I have a project I've been working on for about a year in my personal time (weekends, nights, etc) when not at work.  It's basically a game.  I was planning to launch this on the web at some point in the coming few months, and later on in the app store/android market if possible.  So, the thing is, I just received a job offer from a large tech company and I'd like to accept.  They will ask me to sign a non-compete (it's legal where they are).  But the problem is that, unlike my previous company, this company is in many different lines of business, including games.  So there is overlap there.  I have been reading up on non-competes and it looks like they are non-enforcable unless the company can demonstrate that confidential information/trade secrets was actually stolen and used to help the competitor in question.
So the thing is, most of the code for this project is already written.  But if the game became popular and they came after me, how would I prove that?  It's not open source so I can't point to a github commit history or anything like that.  Do courts look at modification dates/times on files?    I realize this probably paranoid, I doubt this company is going to come after me for my hobby iphone app or whatever.  However I'm just wondering if anyone has any insight into what I should do in this situation.  (also, I won't actually be working in the games division itself, if that makes any difference).  Thanks HN.
======
scottyallen
You should be upfront about this with them, before you take the job, rather
than trying to cover your ass if they find out about it. Most companies I've
worked for in California (where, granted, noncompetes are not enforceable) had
me fill out a prior inventions disclosure form as part of signing an NDA. I
listed out the IP for my existing personal projects, with the idea that they
would respect that and not try and claim ownership of it.
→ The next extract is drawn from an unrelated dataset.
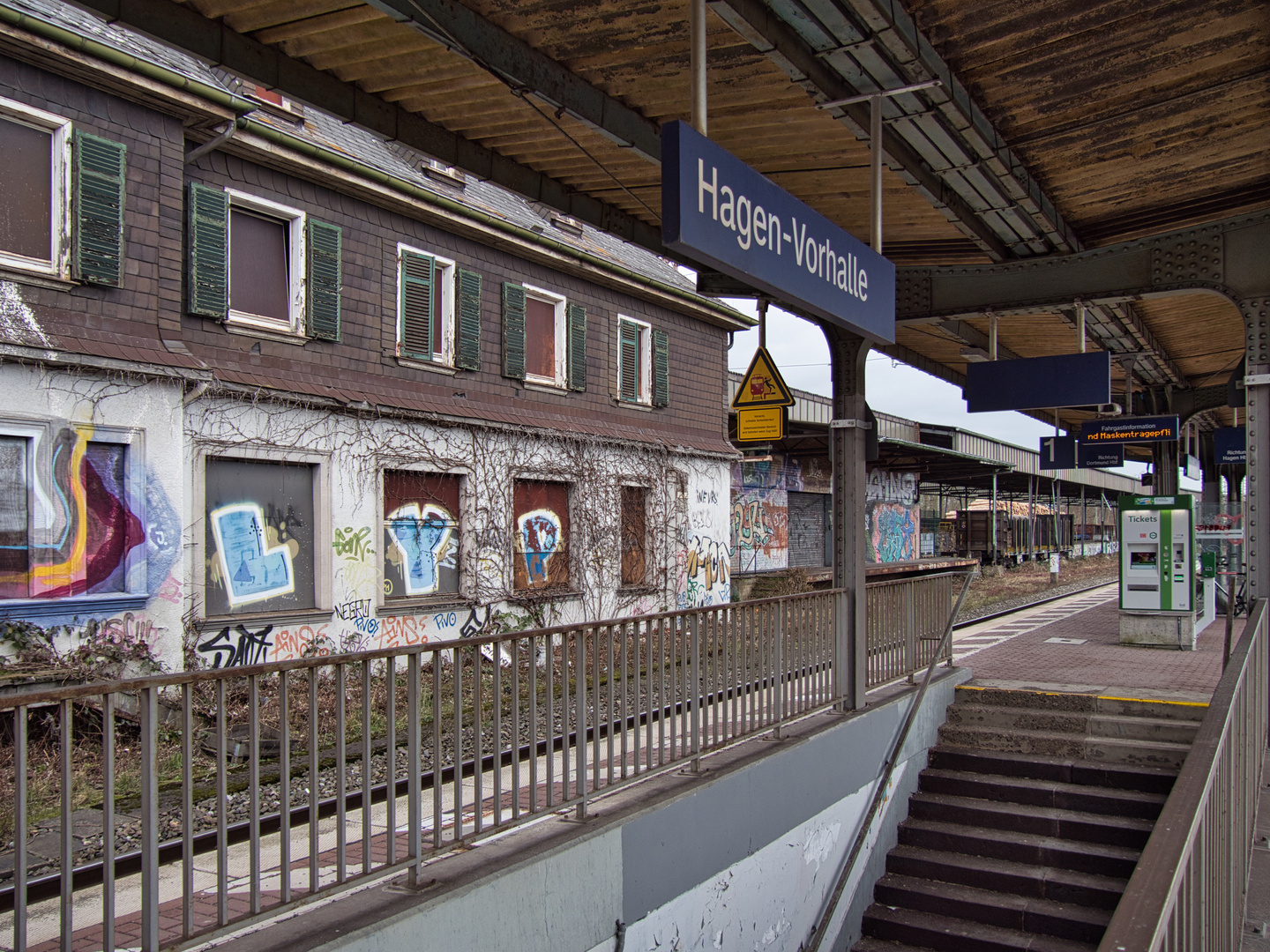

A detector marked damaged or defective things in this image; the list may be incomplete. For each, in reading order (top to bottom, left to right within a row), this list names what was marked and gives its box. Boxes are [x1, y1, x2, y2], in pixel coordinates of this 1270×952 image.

Note that this is significantly more tricky if you work on something at the
company that's in a competitive space, ie, their games division.

------
devs1010
Just to clarify, you say its where they are... Is this also where you are, or
would you be working remotely? You may need to consult a lawyer as I'm not
100% sure on this but my understanding is its based on where the employee
lives, so if you live somewhere where its not enforceable it wouldn't matter
if the company is based somewhere where it is enforceable

------
moocow01
You know you can cross out lines in your contract? Don't agree to anything
you're not comfortable with. I usually cross out at least a quarter of the
stipulations in contracts - never had any company say too much about it.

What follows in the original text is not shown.